Work to be completed → Given the material below, return only the lines starting at the line with "Big bigCover of" and ending at the line with "Kinetoskias smittii", exactly as they appear.

Data records →
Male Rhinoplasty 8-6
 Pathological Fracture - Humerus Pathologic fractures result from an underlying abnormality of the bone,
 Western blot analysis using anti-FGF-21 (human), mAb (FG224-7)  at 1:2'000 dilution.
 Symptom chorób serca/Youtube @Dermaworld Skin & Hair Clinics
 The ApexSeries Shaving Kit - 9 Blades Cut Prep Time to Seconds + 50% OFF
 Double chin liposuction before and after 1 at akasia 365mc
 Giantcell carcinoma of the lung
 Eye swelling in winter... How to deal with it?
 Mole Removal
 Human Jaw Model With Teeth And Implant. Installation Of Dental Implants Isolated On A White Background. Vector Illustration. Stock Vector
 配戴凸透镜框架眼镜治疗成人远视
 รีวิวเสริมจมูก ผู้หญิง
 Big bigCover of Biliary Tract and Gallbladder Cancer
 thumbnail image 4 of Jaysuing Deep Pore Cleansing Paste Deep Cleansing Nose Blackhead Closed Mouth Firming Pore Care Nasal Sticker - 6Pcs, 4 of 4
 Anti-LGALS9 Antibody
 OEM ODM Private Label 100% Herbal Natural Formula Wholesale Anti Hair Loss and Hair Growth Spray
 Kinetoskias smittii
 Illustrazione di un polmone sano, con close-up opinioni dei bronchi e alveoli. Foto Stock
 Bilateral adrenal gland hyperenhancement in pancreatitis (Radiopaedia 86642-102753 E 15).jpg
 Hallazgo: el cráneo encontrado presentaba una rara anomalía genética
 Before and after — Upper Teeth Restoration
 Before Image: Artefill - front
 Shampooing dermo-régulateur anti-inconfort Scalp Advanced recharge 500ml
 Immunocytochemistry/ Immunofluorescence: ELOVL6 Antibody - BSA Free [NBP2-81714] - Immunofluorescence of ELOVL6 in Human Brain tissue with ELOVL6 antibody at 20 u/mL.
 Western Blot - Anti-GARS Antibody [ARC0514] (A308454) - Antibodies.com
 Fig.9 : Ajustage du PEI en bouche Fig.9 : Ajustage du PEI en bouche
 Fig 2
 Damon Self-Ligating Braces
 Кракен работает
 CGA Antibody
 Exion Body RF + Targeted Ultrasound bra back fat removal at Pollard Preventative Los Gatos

Answer to this problem →
 Big bigCover of Biliary Tract and Gallbladder Cancer
 thumbnail image 4 of Jaysuing Deep Pore Cleansing Paste Deep Cleansing Nose Blackhead Closed Mouth Firming Pore Care Nasal Sticker - 6Pcs, 4 of 4
 Anti-LGALS9 Antibody
 OEM ODM Private Label 100% Herbal Natural Formula Wholesale Anti Hair Loss and Hair Growth Spray
 Kinetoskias smittii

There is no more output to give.